Warmer, wetter winters due to global climate change are also detrimental to the species. In winter, these hibernators burrow holes more than six feet deep, where they snuggle up warm and insulated by the snow cover. Without this blanket of snow, they’re more exposed to the elements, such as cold temperatures and rain, both of which can kill the animals outright.
One study that Habold co-authored in Alsace suggests that the combination of corn agriculture and an increase in winter rainfall may have caused hamsters’ body weight to decline by up to 21 percent since 1937. Poor body weight is also linked to low fertility.
Another possible factor in the species’ decline is light pollution, which may be disrupting the animals’ circadian rhythms. For instance, while hibernating, hamsters rely on the length of the day to know when to emerge from their burrows. Increasingly, artificial light sources may be blurring those signals, says Stefanie Monecke, a medical psychologist at Ludwig Maximilians University in Munich. (Learn how light pollution is harming ecosystems worldwide.)
Monecke emphasizes that the impacts of light pollution and climate change on European hamsters “are all just hypotheses, but everything points in that direction.”
Rewilding hamsters
Fortunately, European hamsters breed well in captivity, Rusin says: There are programs in Belgium, France, Poland, Germany, and Ukraine, among others.
The harder part, he says, is reintroducing hamsters that are not adapted to the wild and are easily snapped up by predators. Erecting fences or nets around their new habitat for a few months can protect them while they acclimate, he says.
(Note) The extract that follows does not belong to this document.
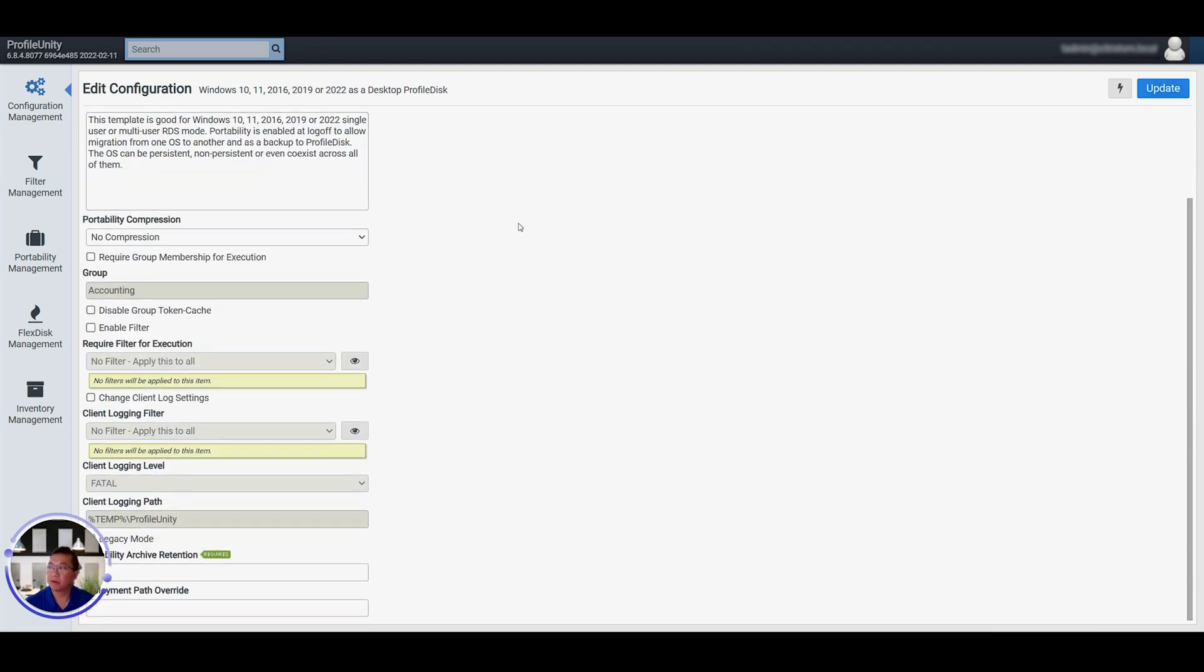Thanks for watching this Liquidware Advisor installment. If you have questions, you can contact our team by emailing info at liquidware.com or by visiting liquidware.com for more information.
Some scientists, such as Habold in the Alsace, are working with farmers to create more hamster-friendly croplands. For example, in smaller plots the main crop may be
mixed with another crop, such as protein-rich soy, which is healthier for the hamsters. And farmers may cultivate the margins of these plots with a variety of plants such as sunflower, alfalfa, and rapeseed. Habold also encourages farmers to reduce their frequency of ploughing and pesticide use.
Habold spreads the message that crop diversity is beneficial overall to the health of the farm and the surrounding ecosystem, since many types of plants can support more kinds of wildlife communities, such as pollinators.
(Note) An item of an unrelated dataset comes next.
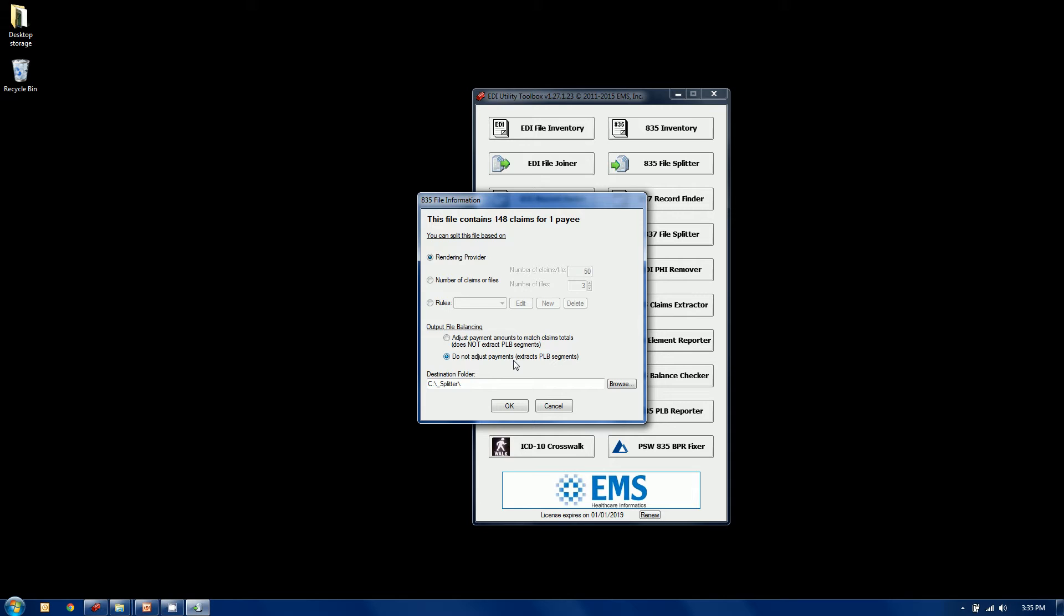Some people like that because it has a tie back to the original unaltered 835 file. For those of us, myself included, who can't stand an unbalanced file, you can also force the check to be in balance by selecting this option here. So it will generate a check amount that's equal to the sum of the paid amount of the claims and do a proper balancing.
“The whole world should think about improving farmland and agricultural practices to restore biodiversity,” she says. “The hamster is only one example.” (Read more about sustainable agriculture.)
Parallels to extinct species
At least in France, conservation initiatives have only stabilized the species’ numbers, not increased them. That’s why the IUCN decision is so vital, Habold says.
The hamster’s listing could also boost research funding into the species’ reproductive failures, which are especially worrisome, Monecke says.
“Think of the passenger pigeon—it was the most abundant bird ever, and it [went] extinct in a hundred years,” she notes. “The problem was they were not able to reproduce anymore, which is quite similar to the hamster. There are so many parallels.”